France remains the world’s most visited country with 89 million visitors travelling here in 2018 with a staggering 76% of Brit’s having visited France at some point in their lives. There is no suggestion that this will change and Britain’s love affair with holidaying in France appears secure, however there will be a few more things to consider the next time you visit.
Will you need a visa?
The European Commission have confirmed that should the UK leave the EU, from 2021 (2 years after the leave period), Britons will need to apply for a visa to travel to France (and anywhere else in the EU). The 7 EUR (£6) visa will last 3 years. The visa scheme, ETIAS (European travel information and authorisation scheme) is modelled on the US ESTA scheme and will require basic personal information, contact details and details of your planned visit including dates and locations and will need to be completed 72 hours prior to travel.
At present, you can travel within Europe on a UK passport right up until the date of expiration, however should the UK leave without a deal this benefit will be withdrawn and you will need at least 6 months left on your passport from the date of your return, much like other international travel. This will apply to adult 10 year and child 5 years passports.
One of the biggest airlines serving France from the UK, easyJet have reported no let up in bookings for summer 2019 and advised that plans for a no-deal Brexit are well underway. Quite a different story over at Ryanair who have warned of flights being grounded should no-deal be achieved whilst BA are equally hesitant to commit to their position and have sought reassurance from their Spanish owners (IAG) that Spain would support BA in a no-deal scenario. The issue is around permissions required to fly to and the EU for airlines registered within. At present, as a member state, UK airlines automatically have permission to fly to and from the EU (and visa versa), however in a no-deal scenario specific advances permission would be legally required. There is no suggestion that this would not be granted, however it remains uncertain. Whether you’re flying from London’s Heathrow, Edinburgh or Manchester, if you’re heading to France or anywhere else in the EU, your airline should keep you updated with any specific changes that might affect your travel plans.

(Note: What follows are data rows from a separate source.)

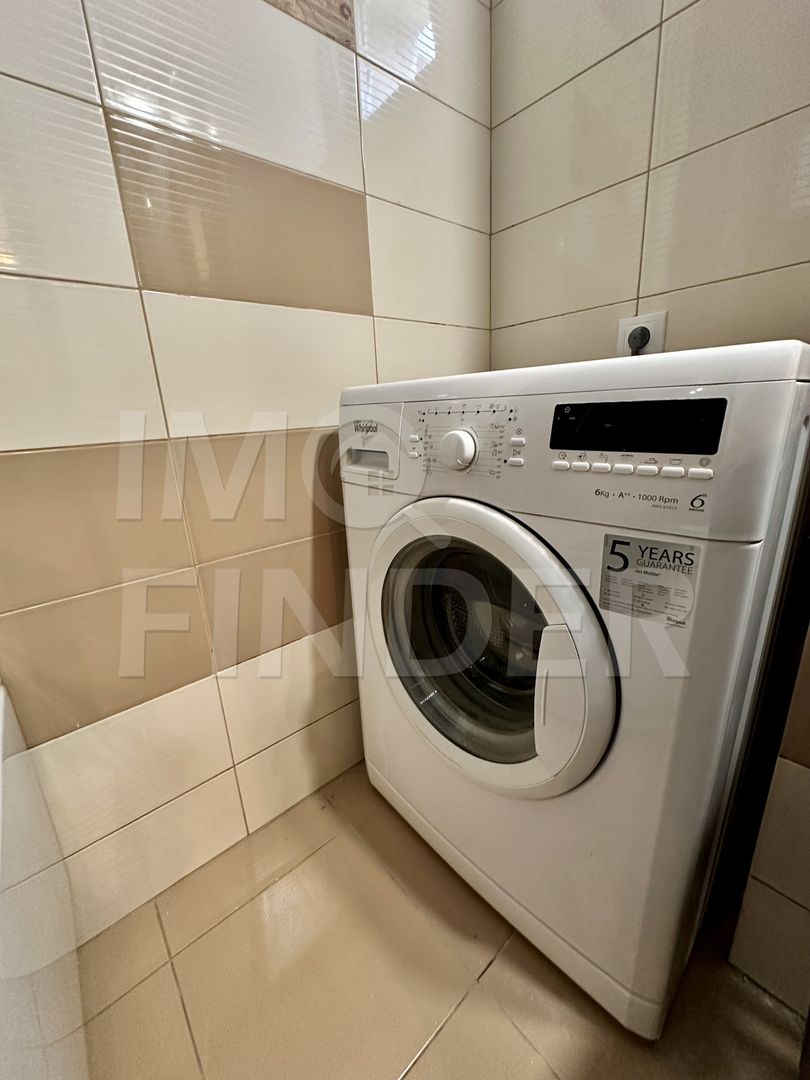 Inchiriere 3 camere decomandate, Marasti, Aurel Vlaicu, finisat clasic - Poză 6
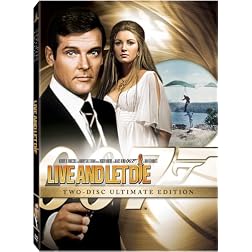 Live and Let Die (James Bond Two-Disc Ultimate Edition)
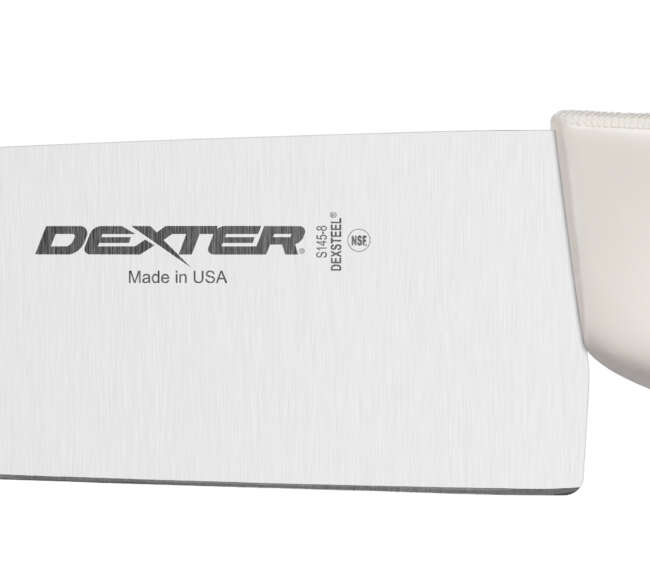 DEX SANI-SAFE 8IN COOKS KNIFE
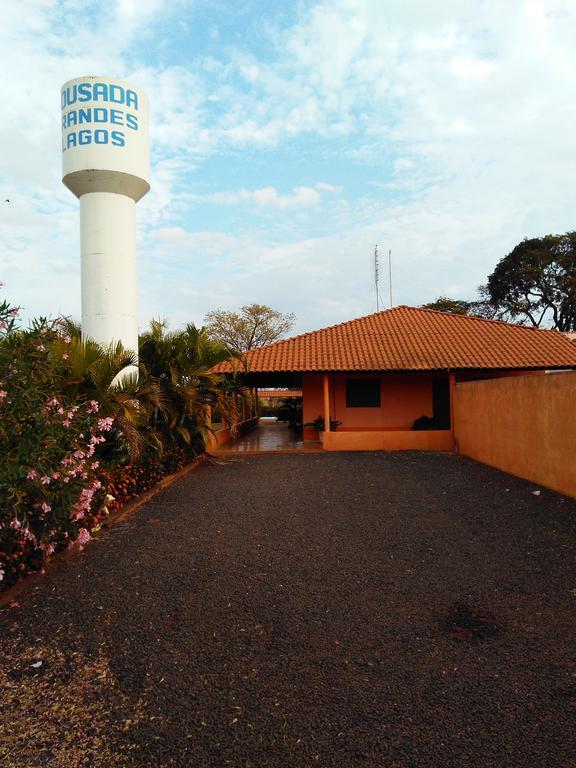 Pousada Grandes Lagos Cardoso Luaran gambar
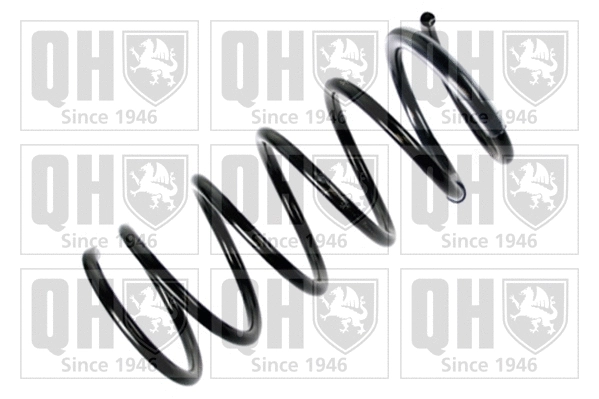 Ressort de suspension QUINTON HAZELL QCS7049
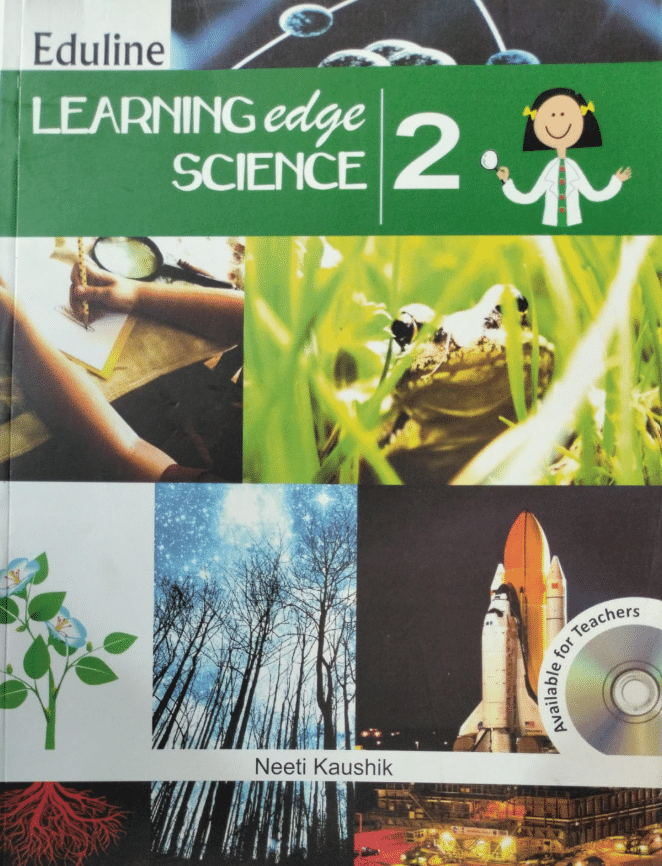     			LEARNING EDGE SCIENCE CLASS 2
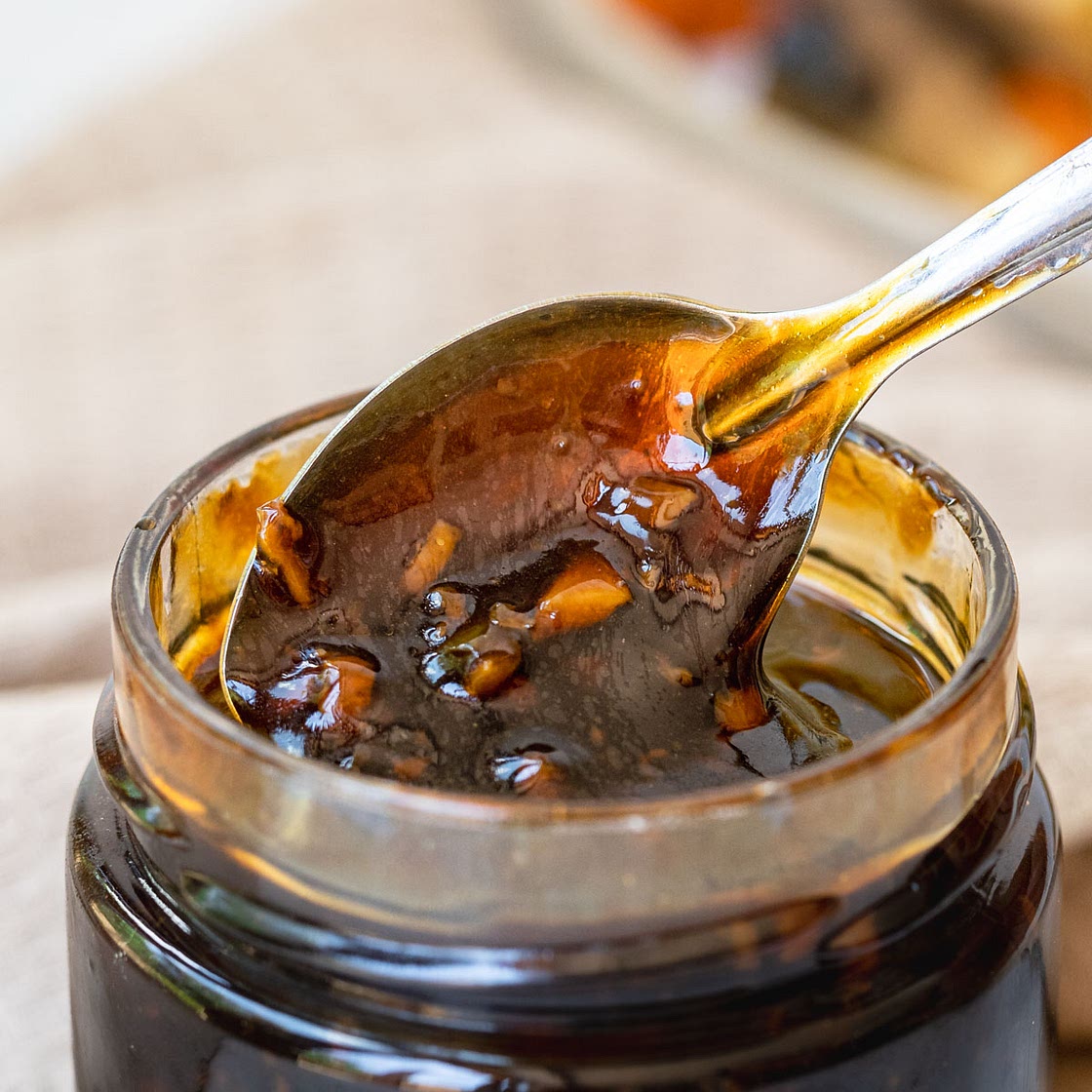 Chinese Garlic Sauce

At present, there have been no announcements that will directly affect car rental in France, however the EU law introduced in 2016 preventing EU citizens taking a non-EU registered car from Switzerland to France will affect those travelling to Geneva and wanting to take the rental car into France. The law will no longer affect Britons who will no longer be EU citizens. French Entrée readers can still take advantage of a car rental discount with Rhinocarhire.com. See here for tips on saving money when hiring a car.

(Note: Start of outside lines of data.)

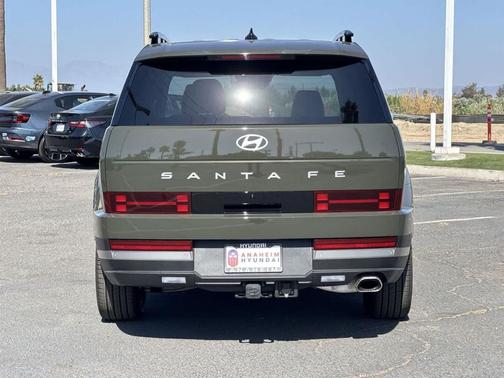 2025 Hyundai SANTA FE Limited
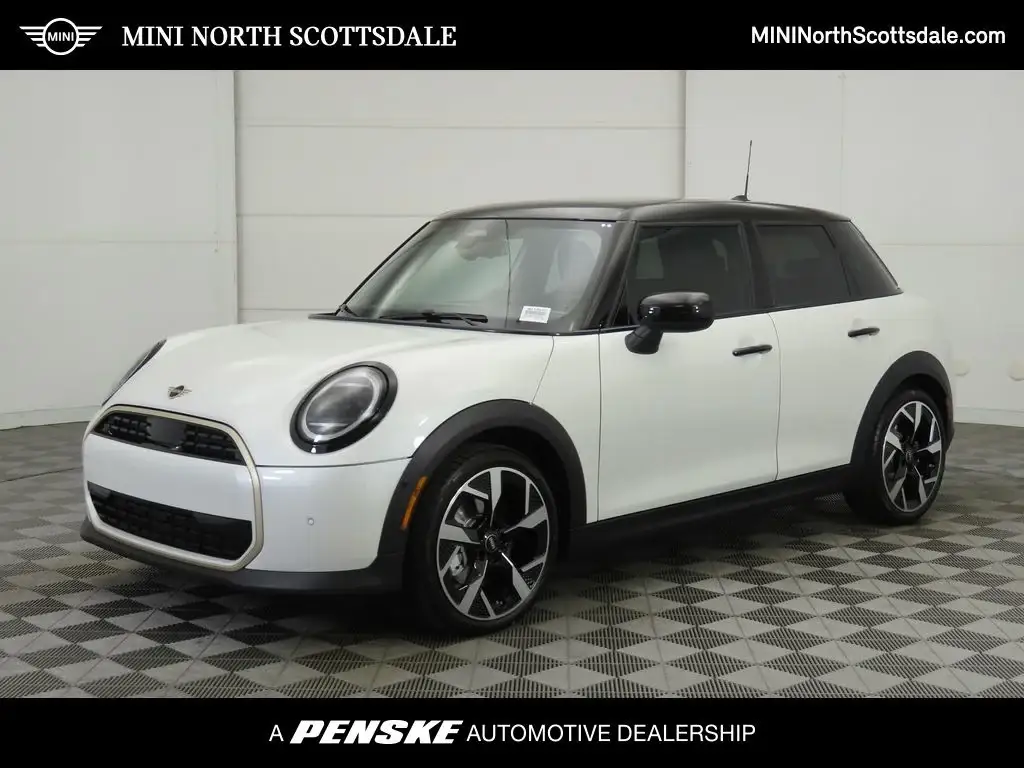 2026 MINI Hardtop undefined photo 1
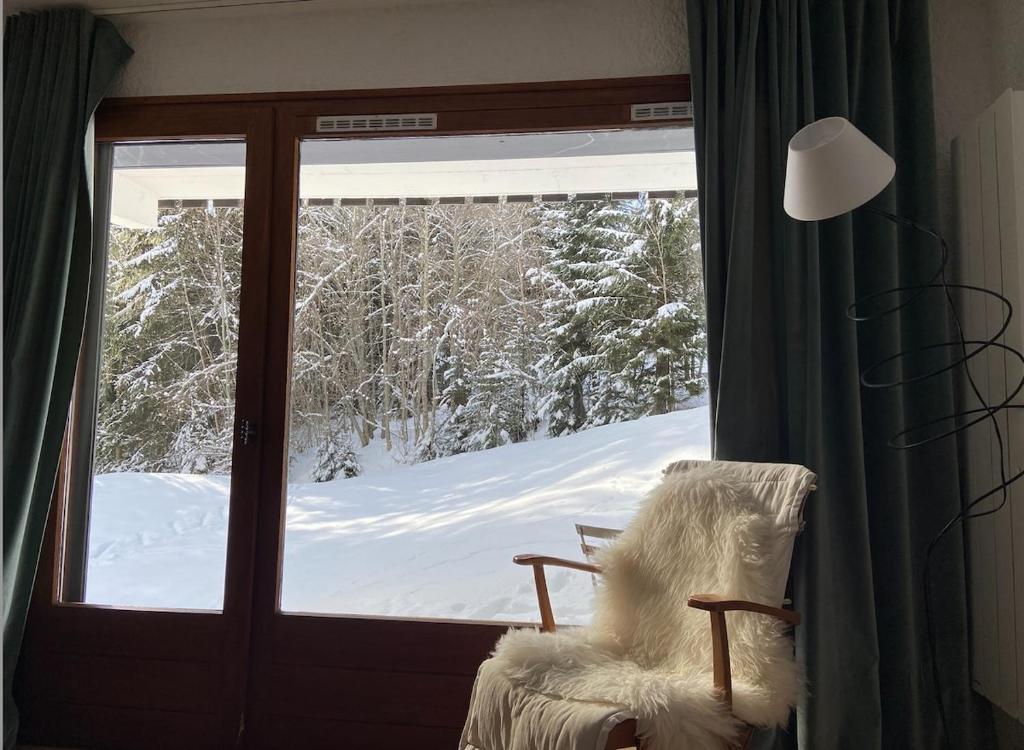 Full nature, 4 people, Saint-Gervais, Chamonix - 1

Whilst a second referendum has been rejected by Theresa May, supported by much of her cabinet, there is still a chance that the UK could yet have a further referendum dubbed the ‘Peoples Vote’ where many commentators and politicians are calling for a 3 option referendum; No Deal, Deal, or Remain. Only a remain result would leave the UK where it is today with its travel relationship with Europe and France. Whatever the outcome, we’ll keep visitors to France up to date with implications as they are announced.